1. Secret generation: A small vector z ∈ {-1, 0, 1}^n is generated

2. Lattice basis Bs: A special structured matrix of the form:

   Bs = [ q·I_k  |    0    ]
        [   X    | I_{n-k} ]
   

   where k = 12, n = 40, and q = 12289

3. Secret s: Computed as s = z · Bs (mod q)

4. LWE instance: b = s·A + e (mod q) where e ∈ {-1, 0, 1}^m is small error
5. Encryption: The flag is XOR'd with SHA256(s)

Key Parameters

• q = 12289 (prime modulus)
• n = 40 (secret dimension)
• k = 12 (identity block size)
• m = 60 (LWE sample dimension)

Solution Strategy

The goal is to recover s to derive the decryption key. Since s = z·Bs where z is small, this is a bounded distance decoding (BDD) problem that can be solved using lattice reduction.

Kannan's Embedding Technique

I constructed a lattice that encodes both constraints: 1. s = z·Bs (s lies in the Bs lattice) 2. b = s·A + e (LWE relation with small error)

Substituting, I got: z·(Bs·A) + e ≡ b (mod q)

I built the embedding lattice:

L = [ q·I_m   |    0    |  0 ]
    [ (Bs·A)ᵀ |  c·I_n  |  0 ]
    [    b    |    0    |  W ]

Where: - c is a scaling factor for the z components - W is the embedding weight to identify the target vector

A short vector in this lattice corresponds to (e, c·z, W) where both e and z are small.

Implementation

import json
import hashlib
from fpylll import IntegerMatrix, BKZ

# Load data
with open("output.txt", "r") as f:
    data = json.load(f)

q, A, b, Bs = data["q"], data["A"], data["b"], data["Bs"]
enc_flag = bytes.fromhex(data["enc_flag_hex"])
n, m = len(Bs), len(A[0])

# Compute Bs * A (mod q)
BsA = [[sum(Bs[i][k] * A[k][j] for k in range(n)) % q 
        for j in range(m)] for i in range(n)]

# Build embedding lattice
W, Z_scale = 100, 10
dim = m + n + 1
L = IntegerMatrix(dim, dim)

# Fill lattice blocks
for i in range(m):
    L[i, i] = q
for j in range(n):
    for i in range(m):
        L[m + j, i] = BsA[j][i]
    L[m + j, m + j] = Z_scale
for i in range(m):
    L[m + n, i] = b[i]
L[m + n, m + n] = W

# Run BKZ reduction
BKZ.reduction(L, BKZ.Param(30))

# Search for solution
for i in range(dim):
    row = [L[i, j] for j in range(dim)]
    if abs(row[-1]) != W:
        continue

    sign = 1 if row[-1] == W else -1
    z = [sign * row[m + j] // Z_scale for j in range(n)]

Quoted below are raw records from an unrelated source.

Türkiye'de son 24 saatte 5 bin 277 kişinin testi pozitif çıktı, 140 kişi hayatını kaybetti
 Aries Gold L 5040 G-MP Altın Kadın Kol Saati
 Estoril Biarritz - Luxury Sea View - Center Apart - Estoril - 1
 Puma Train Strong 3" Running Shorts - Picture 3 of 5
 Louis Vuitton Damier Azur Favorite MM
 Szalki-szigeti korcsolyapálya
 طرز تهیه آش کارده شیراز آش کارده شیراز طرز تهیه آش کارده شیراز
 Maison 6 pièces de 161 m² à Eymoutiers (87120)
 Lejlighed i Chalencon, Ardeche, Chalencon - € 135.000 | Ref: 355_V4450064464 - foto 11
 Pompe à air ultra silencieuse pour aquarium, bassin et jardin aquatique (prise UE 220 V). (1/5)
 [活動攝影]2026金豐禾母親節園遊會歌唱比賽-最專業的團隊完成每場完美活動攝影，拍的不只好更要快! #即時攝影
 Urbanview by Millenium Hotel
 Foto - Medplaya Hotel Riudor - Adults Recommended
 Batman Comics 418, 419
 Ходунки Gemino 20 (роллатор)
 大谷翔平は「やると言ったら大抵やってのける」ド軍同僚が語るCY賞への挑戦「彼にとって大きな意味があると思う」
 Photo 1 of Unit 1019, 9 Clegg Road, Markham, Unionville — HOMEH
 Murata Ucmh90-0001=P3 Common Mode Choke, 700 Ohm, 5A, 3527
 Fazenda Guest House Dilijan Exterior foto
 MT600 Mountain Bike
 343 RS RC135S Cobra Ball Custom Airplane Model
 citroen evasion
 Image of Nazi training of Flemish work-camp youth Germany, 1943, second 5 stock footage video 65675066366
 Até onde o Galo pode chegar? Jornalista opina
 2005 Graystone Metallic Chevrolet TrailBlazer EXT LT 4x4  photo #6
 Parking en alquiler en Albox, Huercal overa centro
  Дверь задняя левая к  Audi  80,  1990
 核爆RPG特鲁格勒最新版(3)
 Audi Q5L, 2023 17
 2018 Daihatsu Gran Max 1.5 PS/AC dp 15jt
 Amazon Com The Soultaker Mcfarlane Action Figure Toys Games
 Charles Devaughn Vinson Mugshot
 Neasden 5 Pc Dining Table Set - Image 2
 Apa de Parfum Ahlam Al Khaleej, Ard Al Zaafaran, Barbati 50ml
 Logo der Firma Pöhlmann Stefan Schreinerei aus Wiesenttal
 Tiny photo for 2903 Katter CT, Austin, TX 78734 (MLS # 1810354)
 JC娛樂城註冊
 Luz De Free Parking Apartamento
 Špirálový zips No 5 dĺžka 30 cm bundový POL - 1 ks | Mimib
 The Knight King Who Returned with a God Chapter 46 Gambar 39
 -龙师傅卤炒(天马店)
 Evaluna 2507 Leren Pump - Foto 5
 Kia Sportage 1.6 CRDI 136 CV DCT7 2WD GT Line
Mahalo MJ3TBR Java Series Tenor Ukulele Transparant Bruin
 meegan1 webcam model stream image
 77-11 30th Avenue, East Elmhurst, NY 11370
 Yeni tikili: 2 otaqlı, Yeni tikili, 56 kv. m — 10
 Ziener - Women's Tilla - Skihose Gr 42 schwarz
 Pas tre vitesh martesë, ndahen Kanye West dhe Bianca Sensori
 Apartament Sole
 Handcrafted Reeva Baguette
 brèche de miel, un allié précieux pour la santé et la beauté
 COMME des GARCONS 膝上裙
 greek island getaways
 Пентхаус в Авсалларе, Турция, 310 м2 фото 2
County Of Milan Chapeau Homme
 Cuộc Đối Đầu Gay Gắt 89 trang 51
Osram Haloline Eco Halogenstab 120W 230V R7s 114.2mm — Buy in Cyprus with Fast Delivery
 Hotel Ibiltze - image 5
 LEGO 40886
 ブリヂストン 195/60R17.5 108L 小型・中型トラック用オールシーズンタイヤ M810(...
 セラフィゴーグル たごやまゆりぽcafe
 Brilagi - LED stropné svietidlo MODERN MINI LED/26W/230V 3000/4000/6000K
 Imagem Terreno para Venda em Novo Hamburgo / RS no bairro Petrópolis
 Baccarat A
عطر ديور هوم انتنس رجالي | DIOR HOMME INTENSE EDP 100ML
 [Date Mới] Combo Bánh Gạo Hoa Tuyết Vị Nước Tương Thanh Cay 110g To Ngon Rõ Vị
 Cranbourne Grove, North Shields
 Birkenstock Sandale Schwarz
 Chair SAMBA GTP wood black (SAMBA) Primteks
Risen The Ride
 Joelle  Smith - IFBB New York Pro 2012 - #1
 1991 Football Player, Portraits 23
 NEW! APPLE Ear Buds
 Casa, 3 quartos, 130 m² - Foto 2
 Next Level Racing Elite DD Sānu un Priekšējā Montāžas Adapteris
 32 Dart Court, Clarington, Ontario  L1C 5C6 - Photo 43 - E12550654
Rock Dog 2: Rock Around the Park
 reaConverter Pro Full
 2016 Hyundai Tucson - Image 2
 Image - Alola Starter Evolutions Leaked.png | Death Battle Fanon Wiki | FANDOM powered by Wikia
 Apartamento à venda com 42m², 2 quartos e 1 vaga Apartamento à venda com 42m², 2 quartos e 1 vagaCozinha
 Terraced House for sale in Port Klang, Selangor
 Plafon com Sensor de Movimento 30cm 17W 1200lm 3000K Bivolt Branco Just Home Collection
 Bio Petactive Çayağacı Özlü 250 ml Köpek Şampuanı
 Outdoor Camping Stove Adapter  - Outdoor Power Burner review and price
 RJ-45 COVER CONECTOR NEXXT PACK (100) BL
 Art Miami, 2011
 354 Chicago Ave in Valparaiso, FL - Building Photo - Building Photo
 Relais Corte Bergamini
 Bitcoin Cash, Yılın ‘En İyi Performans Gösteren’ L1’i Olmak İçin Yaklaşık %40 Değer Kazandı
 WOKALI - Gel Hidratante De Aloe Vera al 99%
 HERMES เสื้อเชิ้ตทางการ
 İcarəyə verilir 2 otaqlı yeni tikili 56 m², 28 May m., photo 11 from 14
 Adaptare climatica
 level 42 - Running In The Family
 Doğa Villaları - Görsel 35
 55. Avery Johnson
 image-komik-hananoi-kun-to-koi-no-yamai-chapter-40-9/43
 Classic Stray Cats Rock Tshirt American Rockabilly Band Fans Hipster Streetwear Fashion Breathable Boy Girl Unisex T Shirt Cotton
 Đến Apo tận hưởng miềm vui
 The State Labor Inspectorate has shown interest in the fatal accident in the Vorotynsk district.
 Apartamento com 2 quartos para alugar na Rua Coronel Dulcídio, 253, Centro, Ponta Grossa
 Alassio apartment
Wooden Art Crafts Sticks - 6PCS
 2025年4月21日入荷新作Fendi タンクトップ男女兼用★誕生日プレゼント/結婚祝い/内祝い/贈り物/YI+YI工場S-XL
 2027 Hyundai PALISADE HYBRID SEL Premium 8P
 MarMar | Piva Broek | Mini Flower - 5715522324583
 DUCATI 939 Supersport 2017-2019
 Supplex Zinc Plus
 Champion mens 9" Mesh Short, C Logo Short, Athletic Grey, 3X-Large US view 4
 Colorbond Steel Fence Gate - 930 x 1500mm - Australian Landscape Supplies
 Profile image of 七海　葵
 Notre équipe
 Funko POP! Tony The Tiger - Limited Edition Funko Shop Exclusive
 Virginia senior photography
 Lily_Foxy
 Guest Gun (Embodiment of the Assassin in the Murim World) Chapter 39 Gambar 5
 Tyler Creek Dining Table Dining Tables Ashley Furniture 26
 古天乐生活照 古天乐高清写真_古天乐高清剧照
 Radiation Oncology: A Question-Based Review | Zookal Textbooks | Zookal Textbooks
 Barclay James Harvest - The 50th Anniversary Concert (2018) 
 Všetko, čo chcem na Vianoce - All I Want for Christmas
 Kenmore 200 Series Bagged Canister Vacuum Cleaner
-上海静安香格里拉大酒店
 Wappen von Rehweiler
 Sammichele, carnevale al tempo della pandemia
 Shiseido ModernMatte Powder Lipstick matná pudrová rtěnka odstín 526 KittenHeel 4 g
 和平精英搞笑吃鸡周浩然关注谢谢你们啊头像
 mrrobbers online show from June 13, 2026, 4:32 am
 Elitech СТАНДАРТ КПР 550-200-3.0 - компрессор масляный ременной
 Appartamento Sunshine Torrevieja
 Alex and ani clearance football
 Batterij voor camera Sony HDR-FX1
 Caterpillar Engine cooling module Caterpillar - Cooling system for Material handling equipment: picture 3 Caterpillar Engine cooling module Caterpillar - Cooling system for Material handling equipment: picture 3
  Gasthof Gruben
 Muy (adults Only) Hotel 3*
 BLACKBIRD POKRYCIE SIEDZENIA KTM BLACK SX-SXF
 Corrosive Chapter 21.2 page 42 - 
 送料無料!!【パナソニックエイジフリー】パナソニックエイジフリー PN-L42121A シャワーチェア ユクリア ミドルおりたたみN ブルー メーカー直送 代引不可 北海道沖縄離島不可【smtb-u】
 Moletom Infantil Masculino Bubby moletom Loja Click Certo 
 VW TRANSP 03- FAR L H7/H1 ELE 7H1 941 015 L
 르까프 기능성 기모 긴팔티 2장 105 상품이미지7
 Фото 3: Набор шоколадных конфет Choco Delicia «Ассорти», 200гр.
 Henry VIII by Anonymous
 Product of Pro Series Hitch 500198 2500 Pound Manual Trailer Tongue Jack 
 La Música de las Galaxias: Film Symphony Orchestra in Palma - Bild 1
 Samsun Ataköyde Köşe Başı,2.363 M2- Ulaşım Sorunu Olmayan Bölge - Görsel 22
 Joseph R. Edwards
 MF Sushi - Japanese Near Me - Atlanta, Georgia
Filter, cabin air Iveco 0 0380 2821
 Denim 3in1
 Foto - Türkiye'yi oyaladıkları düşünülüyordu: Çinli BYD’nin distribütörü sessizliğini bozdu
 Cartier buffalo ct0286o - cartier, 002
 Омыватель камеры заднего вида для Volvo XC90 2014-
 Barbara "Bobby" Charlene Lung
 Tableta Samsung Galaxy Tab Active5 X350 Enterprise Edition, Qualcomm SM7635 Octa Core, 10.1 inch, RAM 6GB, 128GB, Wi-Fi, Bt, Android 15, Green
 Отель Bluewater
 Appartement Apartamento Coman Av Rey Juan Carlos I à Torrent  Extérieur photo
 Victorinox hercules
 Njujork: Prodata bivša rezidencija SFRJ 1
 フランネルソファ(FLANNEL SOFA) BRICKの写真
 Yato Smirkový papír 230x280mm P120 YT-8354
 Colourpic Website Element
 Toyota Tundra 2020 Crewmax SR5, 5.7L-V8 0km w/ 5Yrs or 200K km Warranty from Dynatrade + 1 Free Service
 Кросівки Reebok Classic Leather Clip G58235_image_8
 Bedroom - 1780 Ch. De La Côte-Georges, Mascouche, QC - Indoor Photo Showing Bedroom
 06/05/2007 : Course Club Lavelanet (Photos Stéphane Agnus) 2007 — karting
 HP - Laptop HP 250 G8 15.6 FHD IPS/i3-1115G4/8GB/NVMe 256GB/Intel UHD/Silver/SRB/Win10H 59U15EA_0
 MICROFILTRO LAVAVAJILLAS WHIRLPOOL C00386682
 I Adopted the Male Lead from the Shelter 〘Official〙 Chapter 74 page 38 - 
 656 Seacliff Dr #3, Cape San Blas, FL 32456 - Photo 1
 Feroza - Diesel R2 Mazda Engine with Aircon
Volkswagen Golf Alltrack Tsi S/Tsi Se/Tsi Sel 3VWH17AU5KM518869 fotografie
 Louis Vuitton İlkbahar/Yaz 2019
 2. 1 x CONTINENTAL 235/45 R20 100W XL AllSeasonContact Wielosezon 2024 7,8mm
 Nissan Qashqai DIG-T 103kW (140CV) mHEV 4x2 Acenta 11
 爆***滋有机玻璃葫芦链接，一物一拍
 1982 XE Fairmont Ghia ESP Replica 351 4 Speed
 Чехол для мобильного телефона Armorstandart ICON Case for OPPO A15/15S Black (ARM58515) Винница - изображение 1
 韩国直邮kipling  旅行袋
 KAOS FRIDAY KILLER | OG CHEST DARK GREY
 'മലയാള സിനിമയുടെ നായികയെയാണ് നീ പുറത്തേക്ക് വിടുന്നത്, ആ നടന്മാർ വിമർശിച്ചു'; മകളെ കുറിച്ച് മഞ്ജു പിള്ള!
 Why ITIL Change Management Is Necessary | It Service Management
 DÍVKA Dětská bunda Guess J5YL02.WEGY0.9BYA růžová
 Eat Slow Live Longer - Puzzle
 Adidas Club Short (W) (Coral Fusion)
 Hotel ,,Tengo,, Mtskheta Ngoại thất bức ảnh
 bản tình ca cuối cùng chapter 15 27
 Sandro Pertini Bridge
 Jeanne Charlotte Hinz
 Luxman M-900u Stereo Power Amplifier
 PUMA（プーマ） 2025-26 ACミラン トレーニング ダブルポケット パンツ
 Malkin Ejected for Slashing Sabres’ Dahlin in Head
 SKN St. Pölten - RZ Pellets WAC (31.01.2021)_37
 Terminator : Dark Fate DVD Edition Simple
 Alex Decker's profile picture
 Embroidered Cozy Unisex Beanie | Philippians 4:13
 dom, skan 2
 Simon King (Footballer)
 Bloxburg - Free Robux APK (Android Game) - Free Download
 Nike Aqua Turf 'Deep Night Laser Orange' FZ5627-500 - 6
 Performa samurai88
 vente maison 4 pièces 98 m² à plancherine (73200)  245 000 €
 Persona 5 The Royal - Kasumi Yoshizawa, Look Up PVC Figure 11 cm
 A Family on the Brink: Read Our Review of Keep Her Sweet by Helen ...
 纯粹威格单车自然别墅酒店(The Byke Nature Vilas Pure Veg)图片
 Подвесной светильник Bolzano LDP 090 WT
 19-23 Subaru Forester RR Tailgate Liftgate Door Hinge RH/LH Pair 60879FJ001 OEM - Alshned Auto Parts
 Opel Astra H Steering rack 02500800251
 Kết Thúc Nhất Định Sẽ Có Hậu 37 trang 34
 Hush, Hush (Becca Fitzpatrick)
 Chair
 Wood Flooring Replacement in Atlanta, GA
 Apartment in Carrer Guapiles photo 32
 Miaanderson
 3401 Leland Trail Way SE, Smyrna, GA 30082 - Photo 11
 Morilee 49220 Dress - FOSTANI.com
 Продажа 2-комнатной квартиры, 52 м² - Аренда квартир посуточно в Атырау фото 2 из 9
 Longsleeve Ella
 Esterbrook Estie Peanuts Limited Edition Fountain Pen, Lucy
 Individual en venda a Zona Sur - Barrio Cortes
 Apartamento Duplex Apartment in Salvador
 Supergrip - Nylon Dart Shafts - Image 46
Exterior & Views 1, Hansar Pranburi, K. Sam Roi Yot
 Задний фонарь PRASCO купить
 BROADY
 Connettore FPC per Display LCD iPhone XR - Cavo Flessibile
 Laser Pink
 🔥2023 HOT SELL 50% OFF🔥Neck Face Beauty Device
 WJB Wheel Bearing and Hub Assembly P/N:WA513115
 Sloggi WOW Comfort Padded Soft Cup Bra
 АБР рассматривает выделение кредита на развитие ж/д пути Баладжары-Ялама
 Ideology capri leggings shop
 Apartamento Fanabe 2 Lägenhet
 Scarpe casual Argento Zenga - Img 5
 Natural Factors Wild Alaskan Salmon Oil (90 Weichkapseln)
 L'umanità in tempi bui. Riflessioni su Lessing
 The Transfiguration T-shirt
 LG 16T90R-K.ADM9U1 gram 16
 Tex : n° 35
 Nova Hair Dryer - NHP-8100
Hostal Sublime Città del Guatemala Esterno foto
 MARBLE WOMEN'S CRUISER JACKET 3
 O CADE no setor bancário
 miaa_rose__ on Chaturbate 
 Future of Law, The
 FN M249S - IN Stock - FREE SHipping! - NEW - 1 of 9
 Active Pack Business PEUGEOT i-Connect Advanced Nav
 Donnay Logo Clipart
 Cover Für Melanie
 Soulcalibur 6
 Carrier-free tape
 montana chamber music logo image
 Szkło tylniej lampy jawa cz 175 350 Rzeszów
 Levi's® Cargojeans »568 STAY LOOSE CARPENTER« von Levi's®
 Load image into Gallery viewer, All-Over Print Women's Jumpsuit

    if max(abs(x) for x in z) > 1:
        continue

    # Try both z and -z
    for z_try in [z, [-x for x in z]]:
        s = [sum(z_try[j] * Bs[j][i] for j in range(n)) % q for i in range(n)]
        sA = [sum(s[i] * A[i][j] for i in range(n)) % q for j in range(m)]
        e = [(b[j] - sA[j]) % q for j in range(m)]
        e_norm = [x if x <= q//2 else x - q for x in e]

        if max(abs(x) for x in e_norm) <= 1:
            # Decrypt flag
            key = hashlib.sha256(b"".join(
                int(s[i]).to_bytes(2, "little") for i in range(n)
            )).digest()
            flag = bytes(enc_flag[i] ^ key[i % len(key)] 
                        for i in range(len(enc_flag)))
            print(f"Flag: {flag.decode()}")

Flag

Hackena{In_Th3_Re4lm_0f_LLL_JUST_RAAAAAAAAAAAAAAAAAAA}